A simple minded possibility is to use a perspective projection (similar to what I did here). Applied to the 4D Klein bottle, we have

With[{p = 1/3, r = 1/2, ε = -1/3, (* Klein bottle parameters *)
      f = 3, d = 1, (* projection parameters *)
      k = 3 (* perspective over k-th coordinate *)},
     ParametricPlot3D[Function[pt, f Delete[pt, k]/(d - Extract[pt, k])] @
                      {r (Cos[u/2] Cos[v] - Sin[u/2] Sin[2 v]),
                       r (Sin[u/2] Cos[v] + Cos[u/2] Sin[2 v]),
                       p Cos[u] (1 + ε Sin[v]), p Sin[u] (1 + ε Sin[v])},
                      {u, 0, 2 π}, {v, 0, 2 π},
                      Mesh -> False, PlotPoints -> 55]]

projection of 4D Klein bottle

In addition to perspective projection, one might want to also apply a preliminary rotation (via e.g.

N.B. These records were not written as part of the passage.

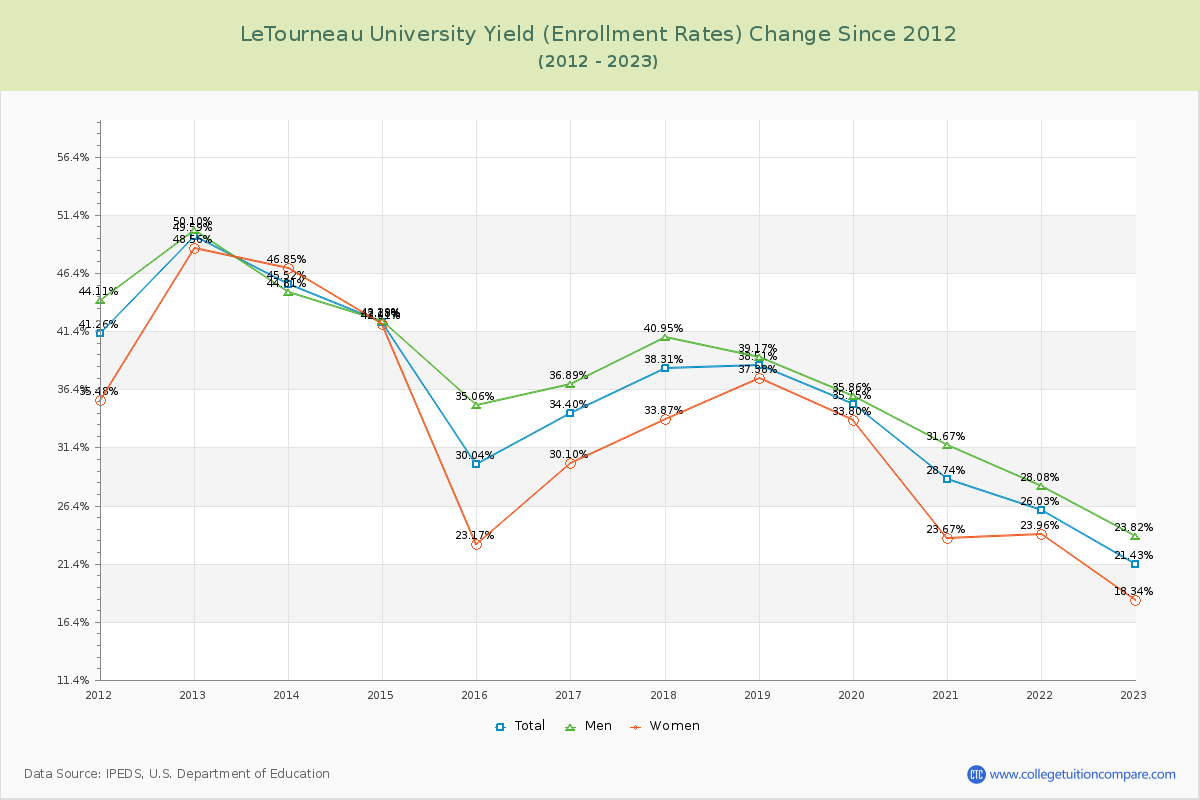 LeTourneau University Yield (Enrollment Rate) Changes Chart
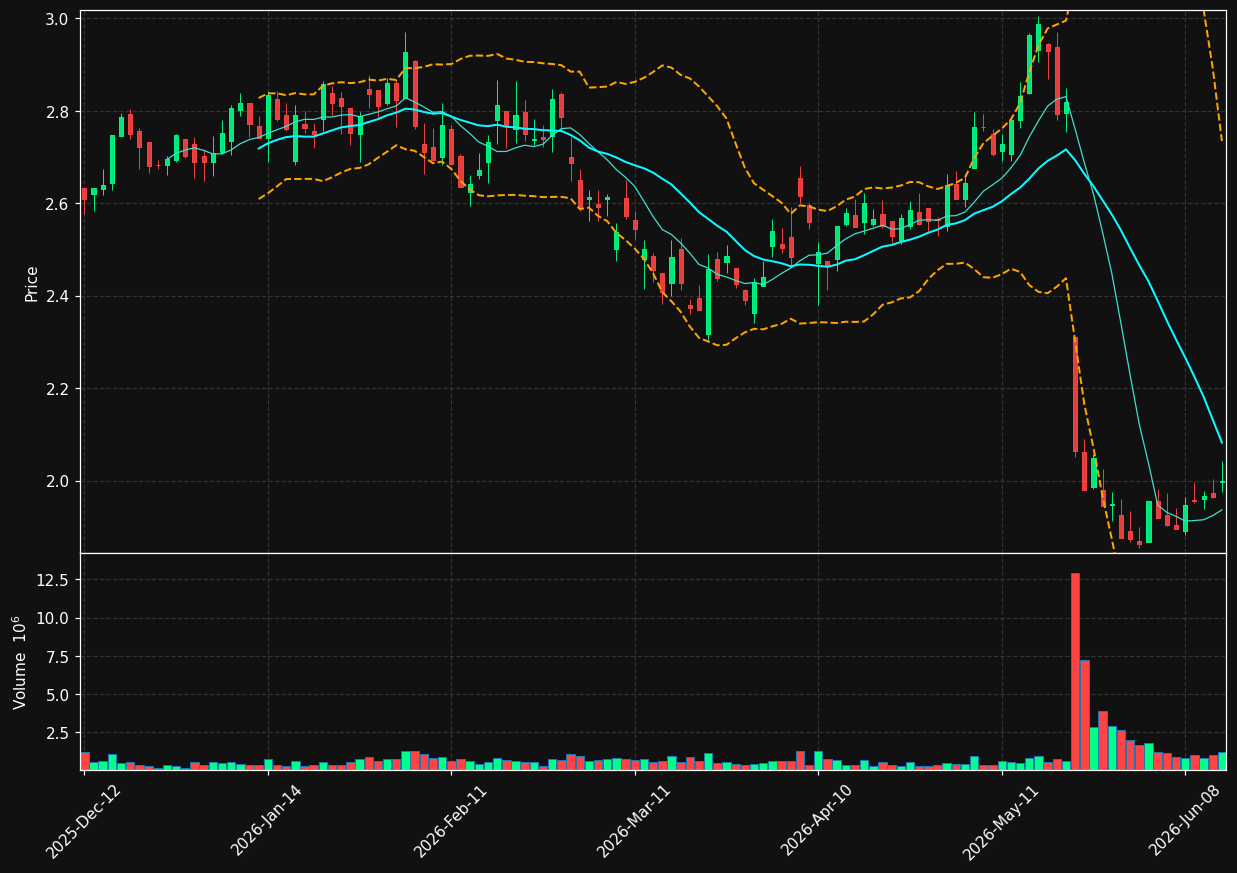 ELIOR.PA chart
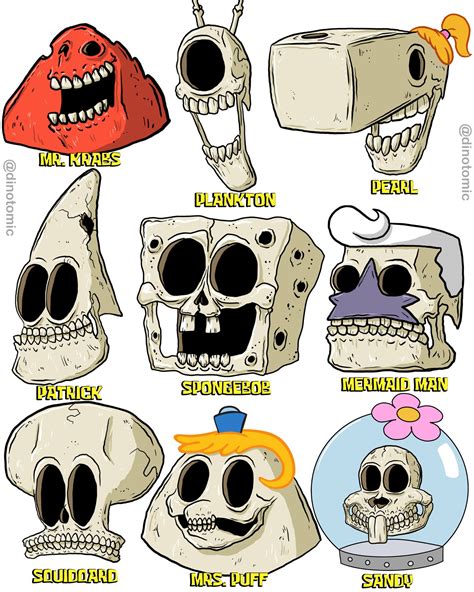 253 Spongebob As Skull Characters Dinotomic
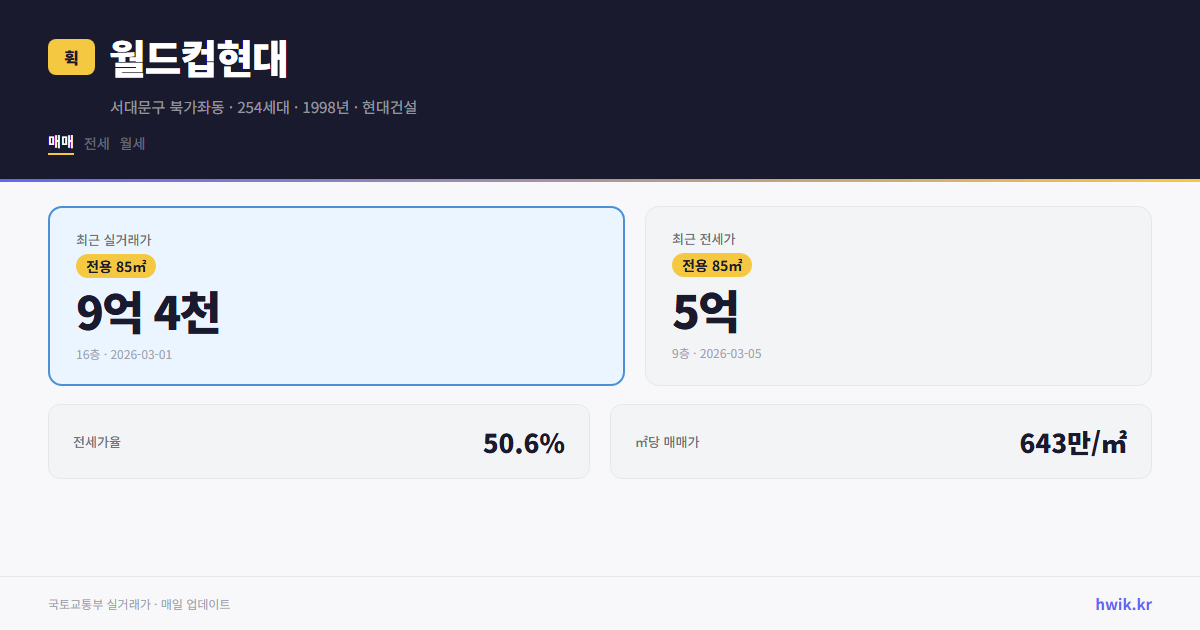 월드컵현대 실거래가 시세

RotationTransform[]) to the parametric equations before projecting over one of the axes, adding another element of flexibility.


There are an infinite number of projections of multidimensional figures on 3D. I will show one variant that is suitable for this case

F[u_, v_] := {x[u, v], y[u, v], z[u, v], t[u, v]}
x[u_, v_, r_] := r (Cos[u/2] Cos[v] - Sin[u/2] Sin[2 v])
y[u_, v_, r_] := r (Sin[u/2] Cos[v] + Cos[u/2] Sin[2 v])
z[u_, v_, p_, \[Epsilon]_] := p Cos[u] (1 + \[Epsilon] Sin[v])
t[u_, v_, p_, \[Epsilon]_] := p Sin[u] (1 + \[Epsilon] Sin[v])

KleinBottle4D[p_, r_, \[Epsilon]_, \[Alpha]_] := 
 ParametricPlot3D[{x[u, v, r], y[u, v, r], 
   Cos[\[Alpha]]*z[u, v, p, \[Epsilon]] + 
    Sin[\[Alpha]]*t[u, v, p, \[Epsilon]]}, {u, 0, 2*Pi}, {v, 0, 2*Pi},
   ColorFunction -> Hue, PlotRange -> All, Mesh -> None]
KleinBottle4D[1/3, 1/2, -1/3, Pi/4]

fig1